> WHAT TO WORK ON: Skip the pictures. Transcribe the rest of the data below without changing a word.

> RAW DATA:
*** Begin section ***

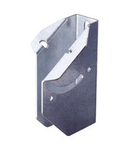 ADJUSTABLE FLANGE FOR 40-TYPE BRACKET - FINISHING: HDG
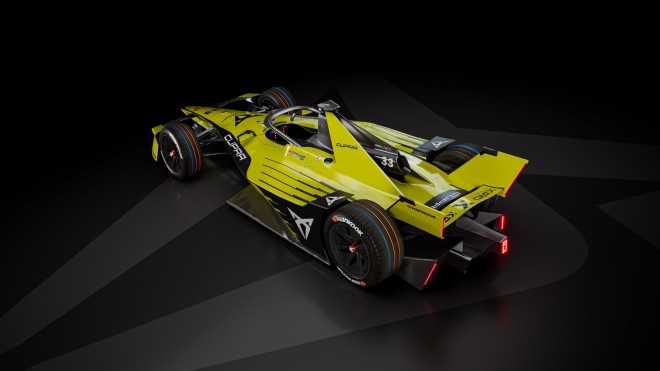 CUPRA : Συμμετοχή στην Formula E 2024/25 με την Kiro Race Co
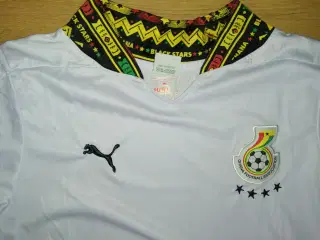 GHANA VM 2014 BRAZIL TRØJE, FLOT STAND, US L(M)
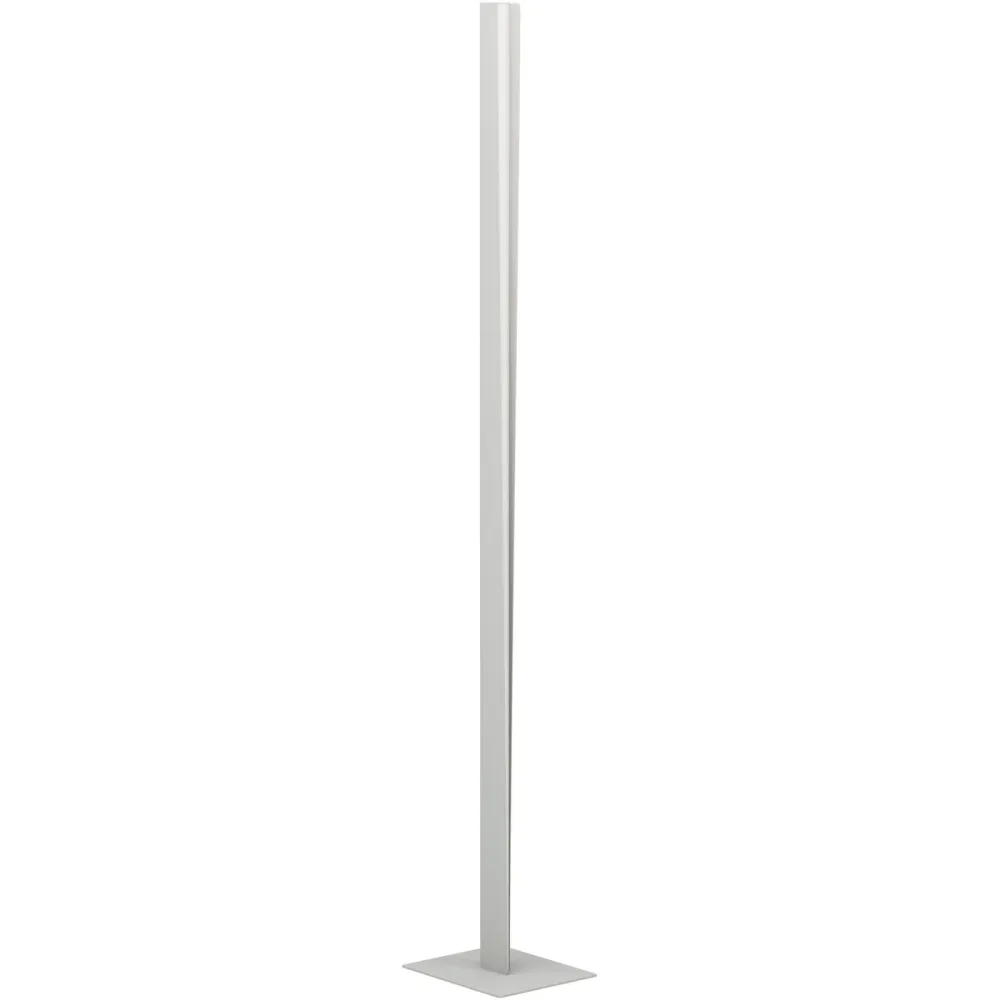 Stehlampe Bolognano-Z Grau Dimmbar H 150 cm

*** End section ***

> SOLUTION TO THIS EXERCISE:
 ADJUSTABLE FLANGE FOR 40-TYPE BRACKET - FINISHING: HDG
 CUPRA : Συμμετοχή στην Formula E 2024/25 με την Kiro Race Co
 GHANA VM 2014 BRAZIL TRØJE, FLOT STAND, US L(M)
 Stehlampe Bolognano-Z Grau Dimmbar H 150 cm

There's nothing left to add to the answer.